__EXERCISE MATERIALS__.
○ ○ ○ ○ ○ ○ ○

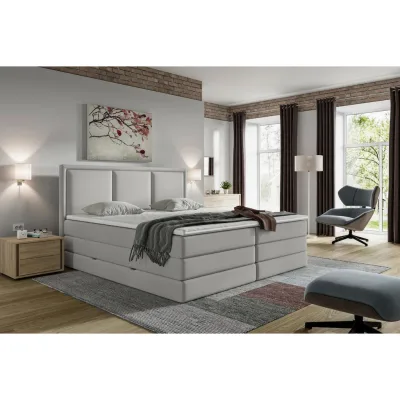 Mid.you Boxspringbett Hellgrau 200x220 cm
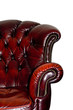 Red leather armchair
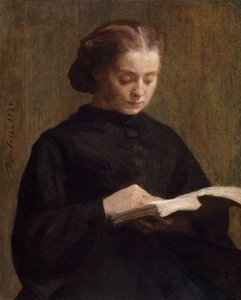 Retrato de la señorita Marie Fantin-Latour, 1859 de Ignace Henri Jean Fantin Latour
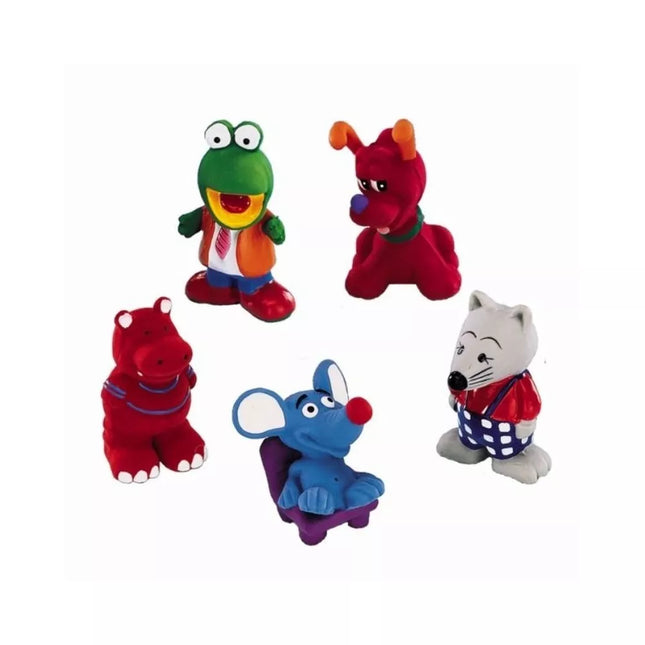 Squeaky Latex Dog Toy - Animal Figure, 8-10 cm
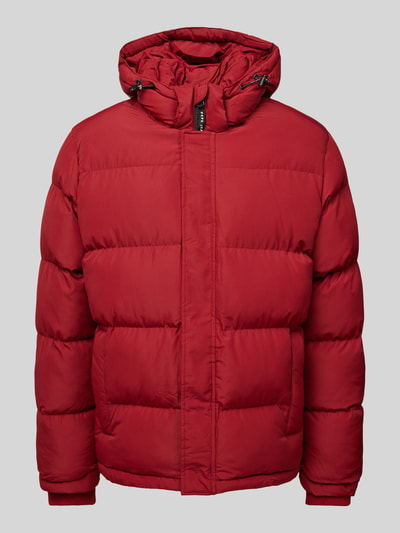 Pepe Jeans Steppjacke mit Kapuze Modell 'Tobias' Rot 2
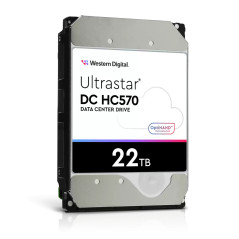 Western Digital Ultrastar DC HC570 disco rigido interno 22 TB 7200 Giri min 512 MB 3.5" Serial ATA III
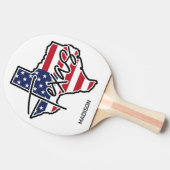 Aangepaste naam Texas Tafeltennisbatje (Zijkant)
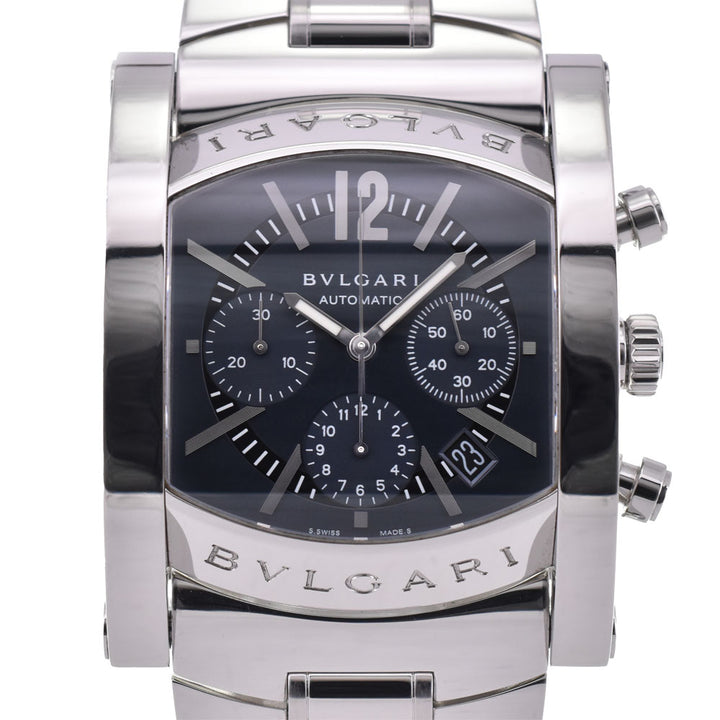 with paper BVLGARI Assioma AA48SCH Chronograph Date Navy Dial Automatic Men's
 Watch A#144059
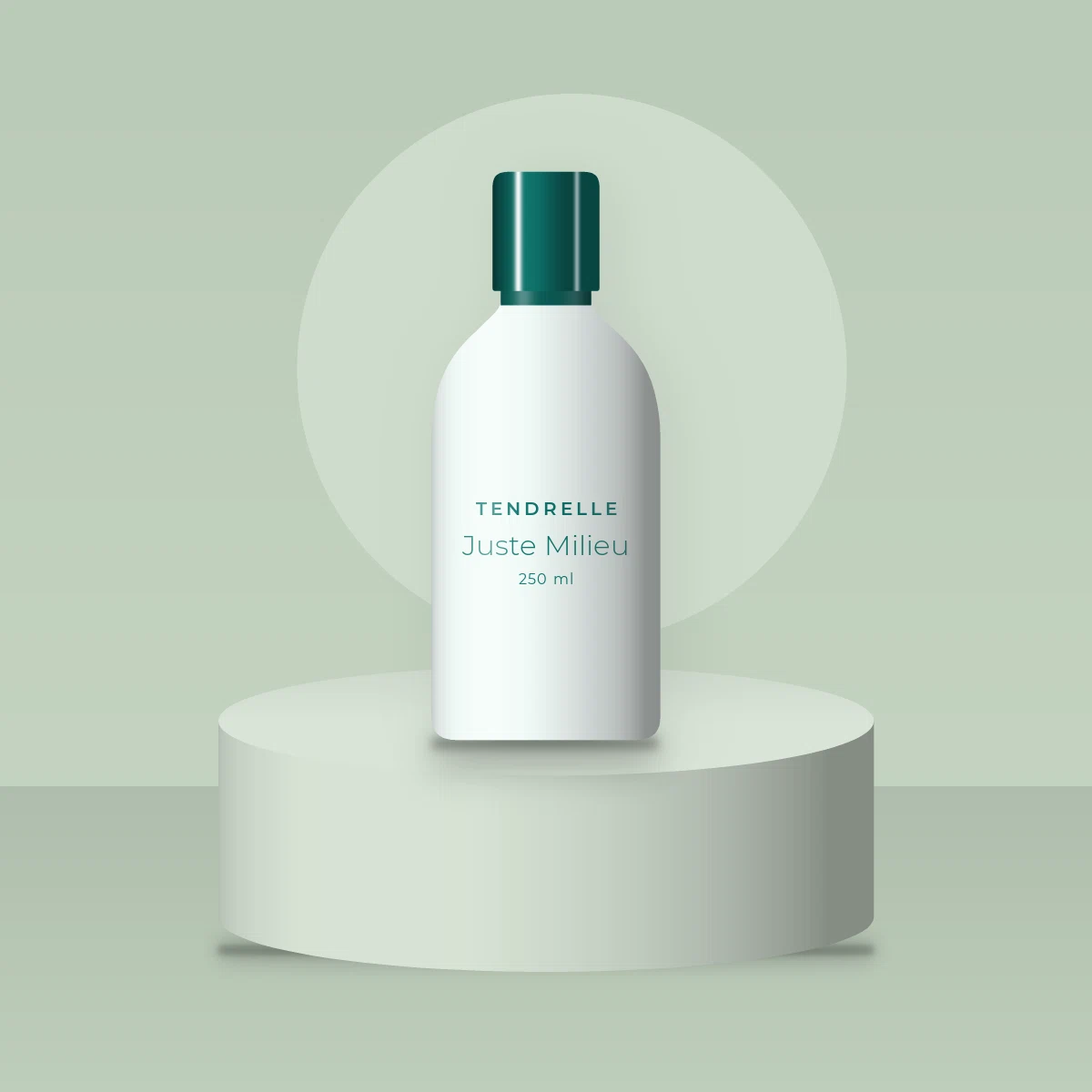 Shampooing Juste Milieu à l'huile de coco – Tendrelle, photo d'ambiance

○ ○ ○ ○ ○ ○ ○

__TASK BRIEF__. Only the lines from the start of the material to the line with "Pepe Jeans Steppjacke", inclusive, belong in the answer, printed exactly and free of pictures.

__TASK RESULT__.
 Mid.you Boxspringbett Hellgrau 200x220 cm
 Red leather armchair
 Retrato de la señorita Marie Fantin-Latour, 1859 de Ignace Henri Jean Fantin Latour
 Squeaky Latex Dog Toy - Animal Figure, 8-10 cm
 Pepe Jeans Steppjacke mit Kapuze Modell 'Tobias' Rot 2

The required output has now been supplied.